The Supreme Court tackled the much-debated issue of precedence ahead of oral arguments next month.
On Monday, conservative Justices Brett Kavanaugh and Neil Gorsuch, both Trump nominees, raised issues with strict adherence to precedent as the high court determined that defendants could not be found guilty of serious offenses without unanimous jury verdicts in criminal trials.
Gorsuch, the author of the Court’s majority opinion in the case, confronted precedent set by Apodaca v. Oregon in 1972 over the issue of unanimous juries in criminal trials, pointing to a history of English common law, founding documents, and arguments from former justices that he said runs counter to court precedent. In Apodaca v. Oregon, the court determined in a 5-4 decision that unanimous juries were not protected rights under the Sixth Amendment of the Constitution for serious offenses in criminal trials.
“In the final accounting, the dissent’s stare decisis arguments round to zero. We have an admittedly mistaken decision, on a constitutional issue, an outlier on the day it was decided, one that’s become lonelier with time,” Gorsuch wrote in the majority opinion.
Stare decisis, a Latin term that roughly translates to “to stand by things decided,” is a legal doctrine often used by the court to give deference to previous decisions rather than overruling them. However, Kavanaugh argued that the principle has never been treated as an “inexorable command” and that it is the duty of the court to overturn “erroneous precedents.”
“Why stick by an erroneous precedent that is egregiously wrong as a matter of constitutional law, that allows convictions of some who would not be convicted under the proper constitutional rule, and that tolerates and reinforces a practice that is thoroughly racist in its origins and has continuing racially discriminatory effects,” Kavanaugh wrote in a concurring opinion.
Kavanaugh took issue with the way some precedents have been established in the Supreme Court’s history, including the 1973 Roe v. Wade decision, which determined that abortions fall within a constitutional right to privacy. Kavanaugh argued that the Bill of Rights ought not be incorporated to the states through the due process clause of the 14th Amendment but rather through the privileges and immunities clause.
“Due process incorporation is a demonstrably erroneous interpretation of the Fourteenth Amendment. As I have explained before, “[t]he notion that a constitutional provision that guarantees only ‘process’ before a person is deprived of life, liberty, or property could define the substance of those rights strains credulity for even the most casual user of words,” Kavanaugh wrote.
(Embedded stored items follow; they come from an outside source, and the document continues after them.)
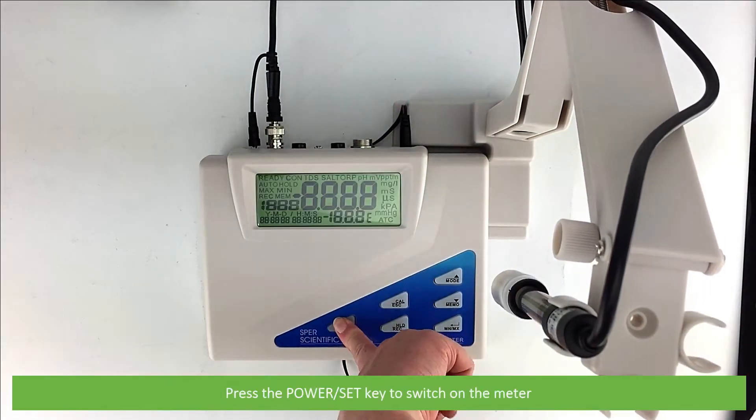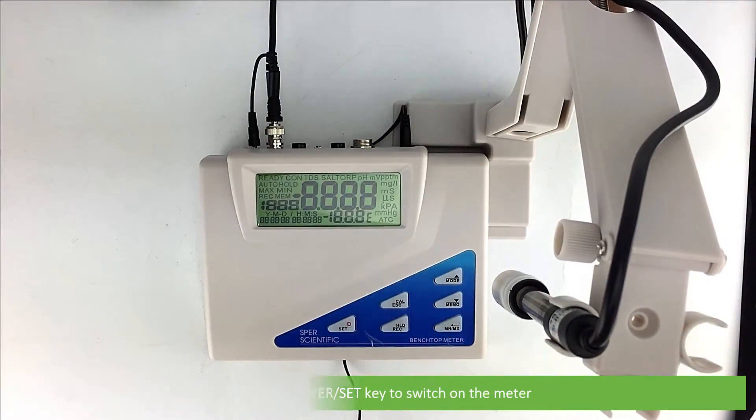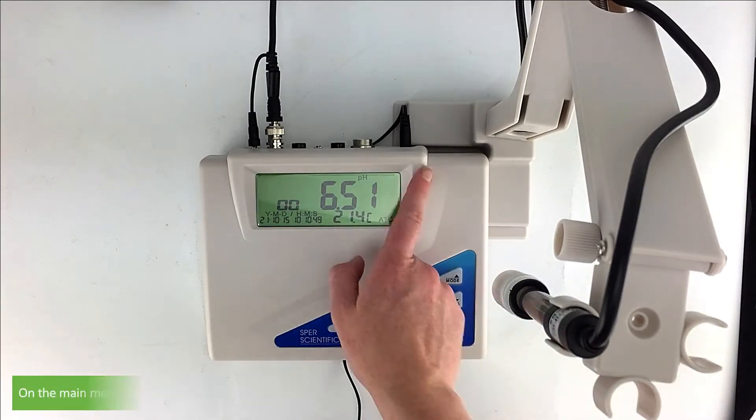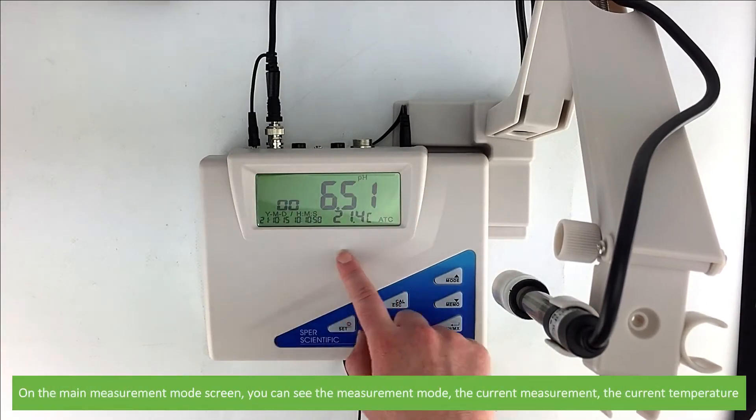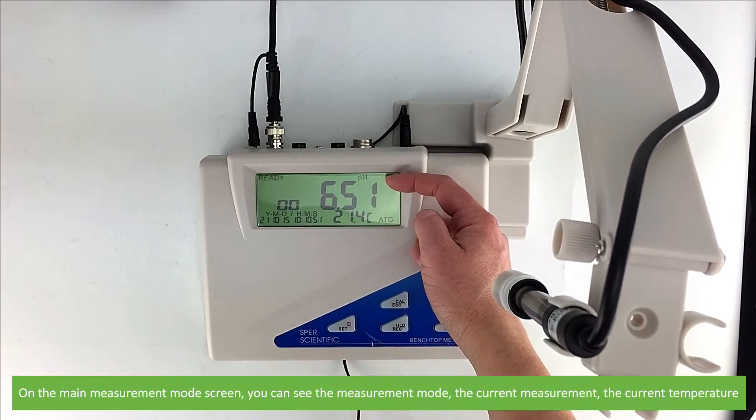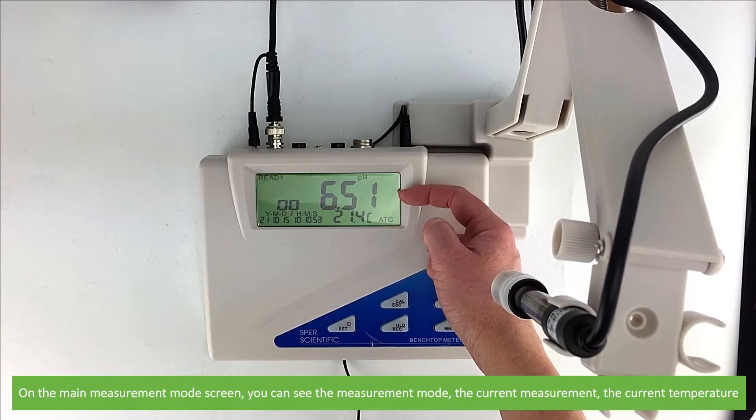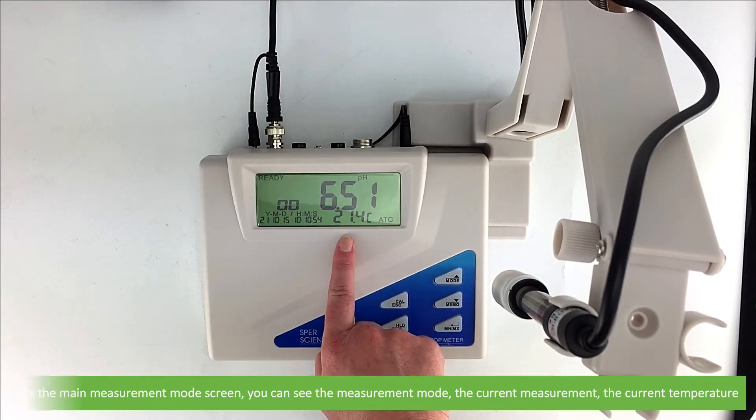Press the power set key to switch on the meter. The device will switch on and be in measurement mode. On the main measurement mode screen you can see the measurement mode, the current measurement, and the current temperature.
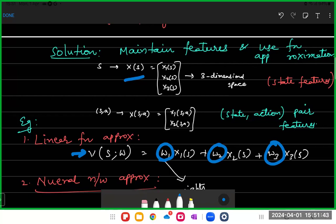If you learn w1, w2, w3, you can find the value of any state, because every state will have some features. If you estimate w1, w2, w3, that means you know the value of every possible state. So this is function approximation: if you have a million states, tabular method needs a million values, but now you just need three values depending on the feature vector length.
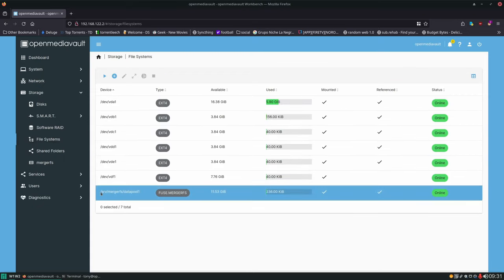I hope you enjoyed this video. We're going to start getting set up with Borg in the next video — our backup solution — and then we can start moving on to getting Docker and some actual services set up. Thank you for watching, have a nice day.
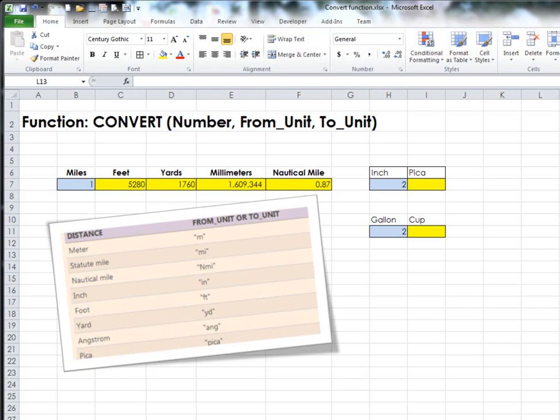Hi everyone. The function I'm going to teach you today is the CONVERT function. It has three parts to it: the number, the from unit, and the to unit.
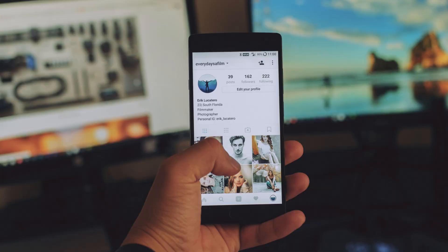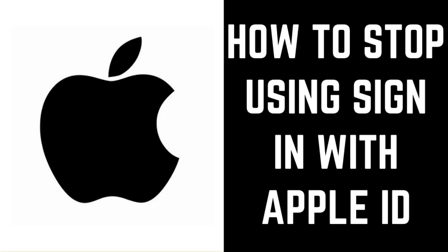If you gave the feature a try and are having second thoughts, you can easily stop using Sign In With Apple ID for any apps you're currently using it with. Now let's walk through the steps.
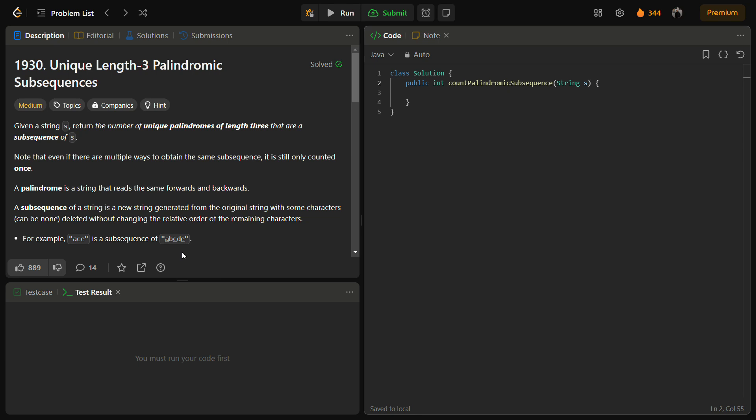Hello guys and welcome back to LeadLogix. This is the Unique Length-3 Palindromic Subsequences. The number for this is 1930 and it is a LeetCode medium, but I am sure that it will be an easy question for you if you watch the video till the end.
“The unreasonableness of this interpretation is underscored by the Court’s struggle to find a “guiding principle to distinguish ‘fundamental’ rights that warrant protection from nonfundamental rights that do not, as well as its many incorrect decisions based on this theory,” citing Obergefell v. Hodges and Roe v. Wade as examples.
In the case of Roe v. Wade, rights incorporated through the due process clause have often been based on the legal idea of substantive due process, which birthed the concept of a right to privacy. Other justices, including conservative Justice Clarence Thomas, have objected to this view, asserting that the privileges and immunities clause specifically protects fundamental rights of citizens across states and that the due process clause refers to procedures of due process.
“Our judicial duty — not to mention the candor we owe to our fellow citizens — requires us to put an end to this Court’s due process prestidigitation, which no one is willing to defend on the merits,” Thomas, who was nominated by President George H.W. Bush, wrote in the decision.
Thomas predicted the distinction between the two clauses would be relevant in future cases.
In the high court’s Monday decision in Ramos v. Louisiana, liberal Justice Sonia Sotomayor, an Obama nominee, agreed with the majority that overruling precedent in the case was imperative. “Overruling precedent here is not only warranted, but compelled,” Sotomayor wrote.
In the minority’s dissenting opinion, conservative Justice Samuel Alito said the decision’s outcome would have a long-term effect on how precedence is considered. “The doctrine of stare decisis gets rough treatment in today’s decision,” Alito wrote.
“Lowering the bar for overruling our precedents, a badly fractured majority casts aside an important and long-established decision with little regard for the enormous reliance the decision has engendered. If the majority’s approach is not just a way to dispose of this one case, the decision marks an important turn,” he said.
The high court will hear oral arguments over the telephone for cases involving President Trump’s financial records, religious liberty, and the Electoral College in early May.